Increased Employee Control Reduces Health Care Costs
FAYETTEVILLE, Ark. - Increased employee control over workplace policies or procedures is the only stress-related factor that has a measurable impact on health care costs, according to University of Arkansas researcher Dan Ganster. Ganster is professor of management and chair of the management department in the Walton College of Business.
He conducted his long-term study along with Marilyn L. Fox of Minnesota State University and Deborah J. Dwyer of the University of Toledo. The results of their research appear in the current issue of the Journal of Applied Psychology.
"Health care costs are the single largest uncontrolled expense for most companies," explained Ganster. "We wanted to determine which of the many factors that have been associated with workplace stress actually contributed to health care costs."
Stress has been shown to be an important factor in employee health care costs, contributing to both mental and physical problems. Many studies have pointed to job-related stress as a factor in major health problems like heart disease, but their results are complicated by socioeconomic factors and consideration of many occupations that require different skill levels. To overcome these limitations, the researchers conducted a five-year study of 136 nurses working in a Midwest hospital.
"We chose a single occupation, nursing, because that eliminated some complicating factors like economic status, education level and job demands," explained Ganster. "However, it is a profession with a high level of naturally occurring variation in workload demands and control. In addition, it is a working population that has full health care coverage and therefore their costs reliably tracks utilization of services and illness frequency and severity."
Ganster’s study used cumulative health care costs incurred over five years as the primary indicator of health care costs. Most studies of workplace stress look at heart disease as an indicator of stress. Using cumulative costs allowed the researchers to consider the wide range of health-related conditions affected by stress.
The researchers initially interviewed the participants to determine both their job demands and their level of stress. Subsequent interviews with supervisors confirmed the job demand criteria. They gathered both mental and physical health data by using standard survey instruments and physiological tests and controlled for previous health status.

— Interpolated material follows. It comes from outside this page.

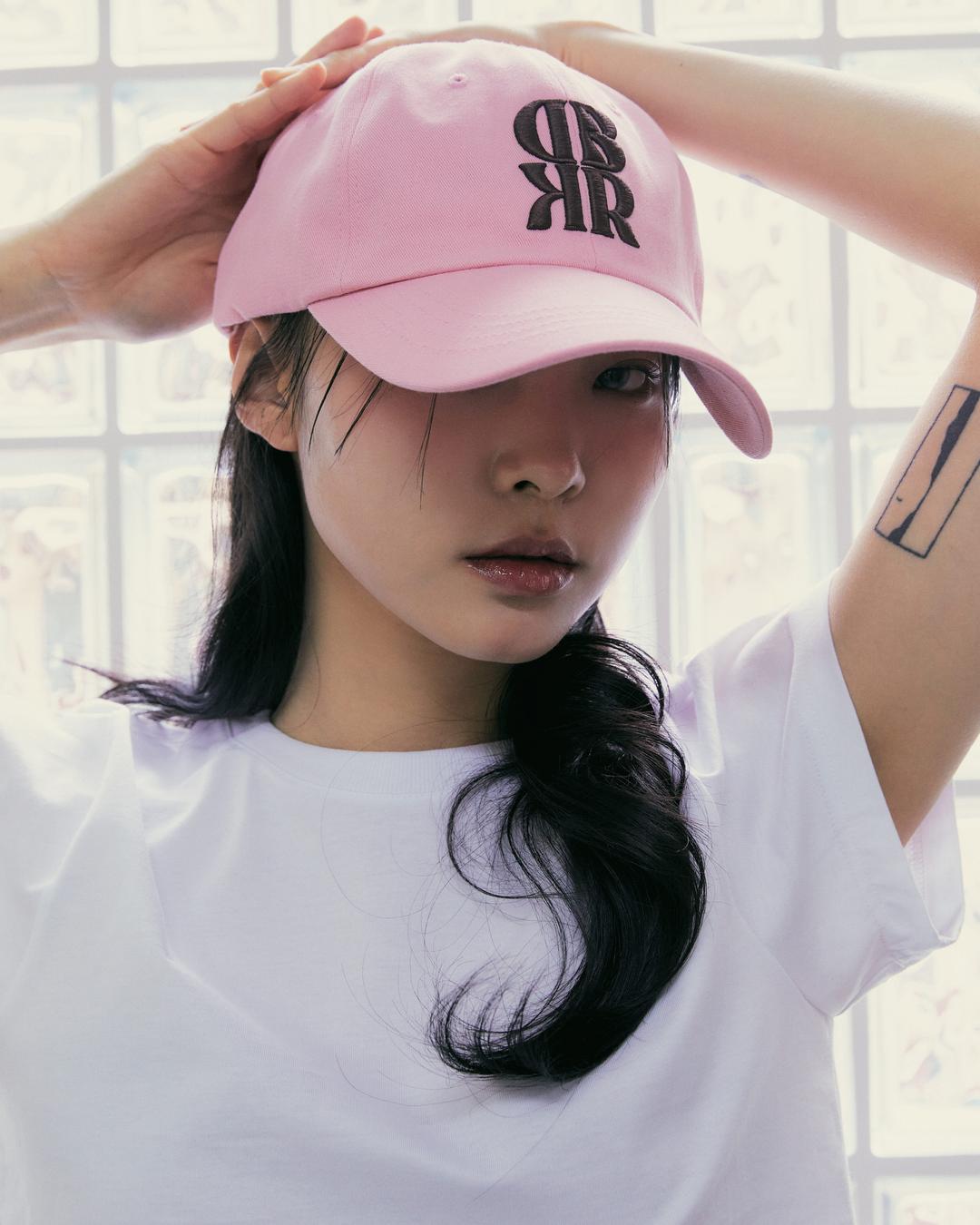 시그니처 볼캡 Rosie cream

"Our study was based on the Demands-Control model of stress," Ganster explained. "It says that jobs that have high demand, but allow employees little control have the most negative effects. Conversely, jobs with high demand where employees have high control over policies and procedures are the most psychologically healthy work environments."
As predicted by the Demands-Control model, the study showed that individuals who felt high demand and low control had significantly higher health care costs at the end of five years. These employees also had higher residual cortisol levels, a physiological indicator of stress. Increased cortisol levels persisted several hours after the nurses left the job, which, according to Ganster, indicated an inability to unwind.
"It was the after-work cortisol elevations that predicted health care costs," Ganster added. "None of the other physiological indicators measured during the work day showed these effects. This may mean the that short-term effects that researchers usually study, such as job attitudes, headaches or interrupted sleep, don’t really have much impact on overall health."
The researchers point to a successful job-redesign project among nurses in the Netherlands and conclude that job-level redesign interventions that give employees more control could reduce stress-related health care costs.